Sabor-Saber-Sāvәr (by Alicia Candiani)
Sabor-Saber-Sāvәr, was a project produced by artist Cristina Molina during her SUB30 residency at ‘ace, which explored her intimate relationship with the city of Buenos Aires. Continuing Molina’s interest in the theme of the body and its function as a mediator between the external and the internal, this series investigated the possibility of getting to know a place through its taste. The name of the installation is composed of words both in English and Spanish. It includes the phonetic English spelling Sāvәr (savor) one that assimilates “saber” and “sabor” the Spanish words for “knowing” and “taste” respectively. The title also directly alludes to the idea that one introduces things into the mouth just like a child, in order to come to a better understanding, and as a way of “savoring” the world.
During her stay in Buenos Aires the artist voyeuristically wandered through the city and chose twenty five emblematic locations. A customized scene complete with a table and food was designed for each specific location, an act that emulated one of romantic courtship. The process was documented photographically and eventually formed into stereoscopic* images to achieve a three dimensional effect. The photographs were mounted onto cards which were accompanied by romantic texts on the reverse side. These texts were in dedication to each location and were written in both English and Spanish.
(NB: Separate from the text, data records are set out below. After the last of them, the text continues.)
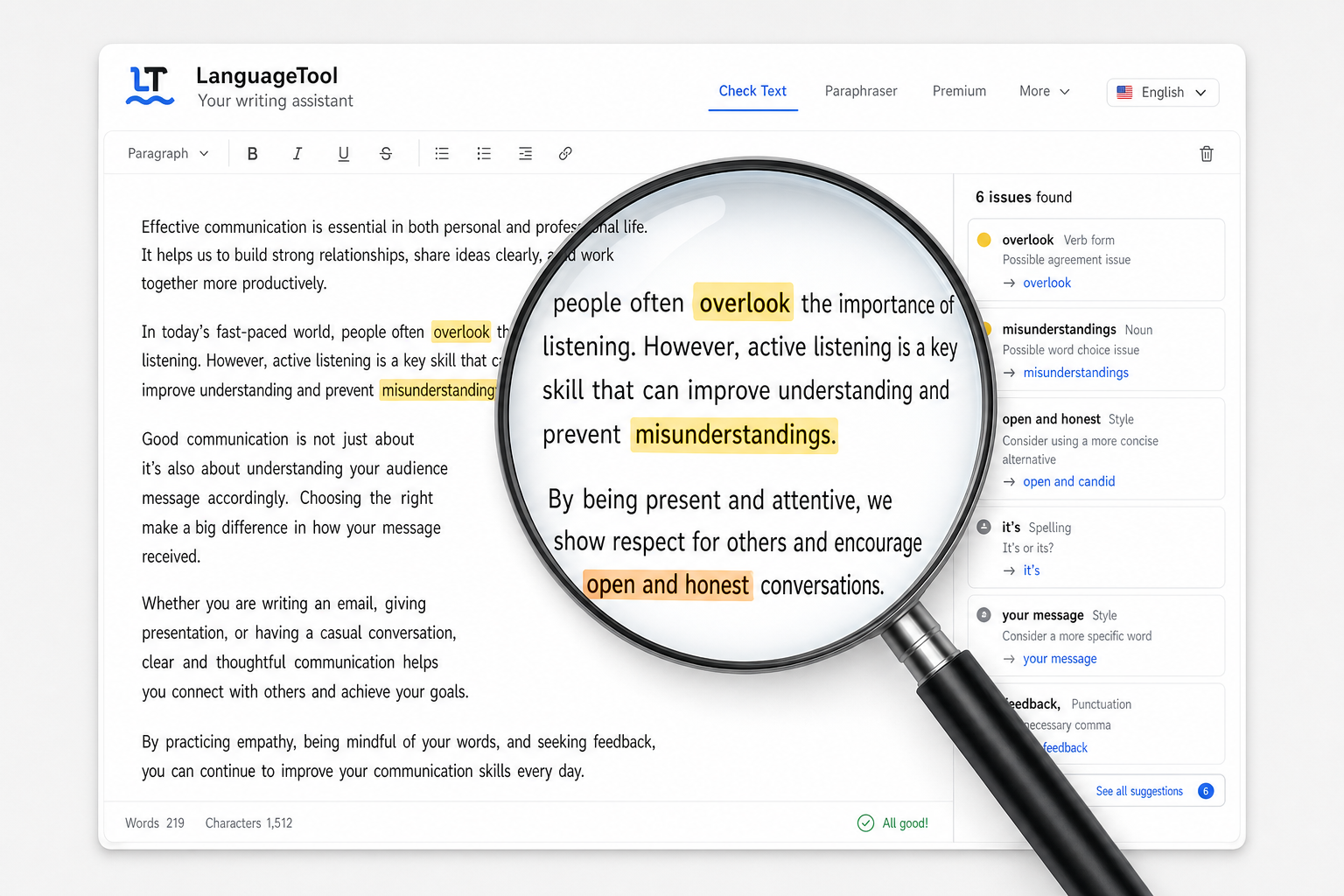 languagetool.org interface with a magnifying glass hovering over a clean, neatly written document page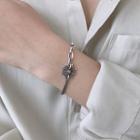 925 Sterling Silver Anchor Bracelet Sl0063 - Silver - One Size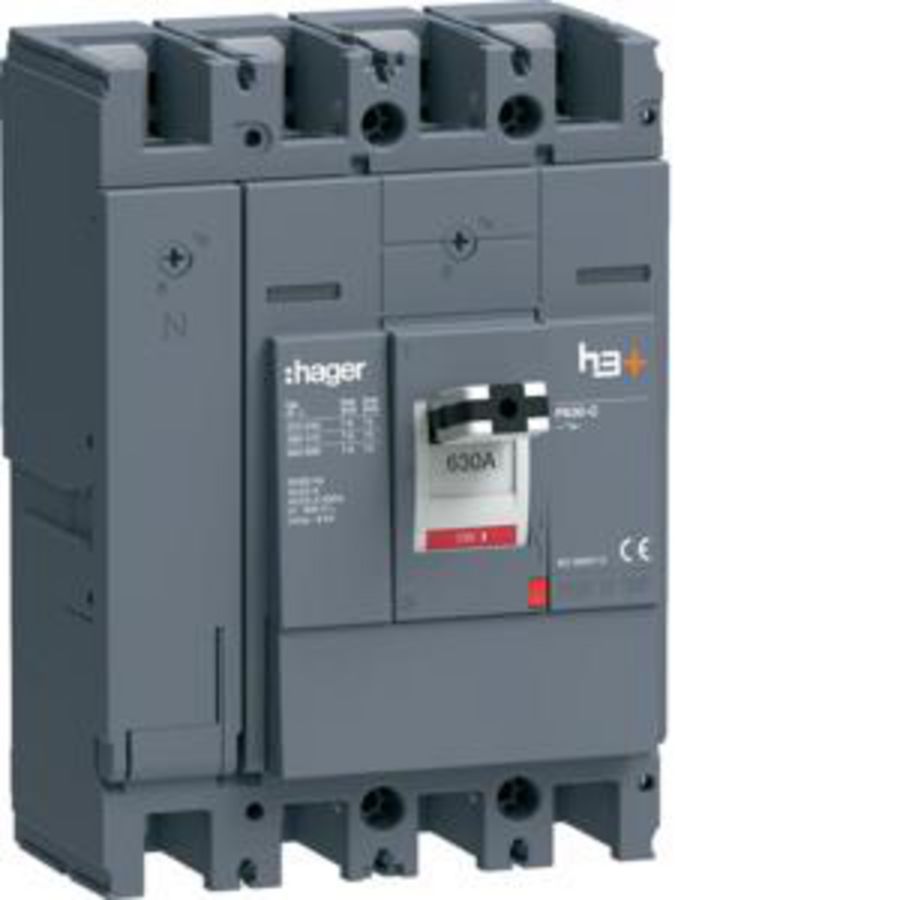 Vermogensschakelaar h3+ P630 4P 630A boutaansluiting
The dual texts produced a visual intermingling effect similar to the photographs.
The images taken were exhibited at ‘ace’s Dialogue Space in the form of an installation, completed with an antique stereoscopic viewer that the artist found in an antique market before her trip. As the viewers engaged with the work, the text and images became one, surging a new language that was both visual and idiomatic.
*Stereoscopic photography is based on the way the eyes naturally function: our eyes are separated by approximately 65mm, and each eye sees one image at a time, although it may be the same image, is situated askew. The brain’s function is to merge the images together to create one plane. If we obtain two images with a slight alteration that mimics that of our vision, special visors can be used to aid the individual eye in achieving one image, and one that produces a three dimensional effect.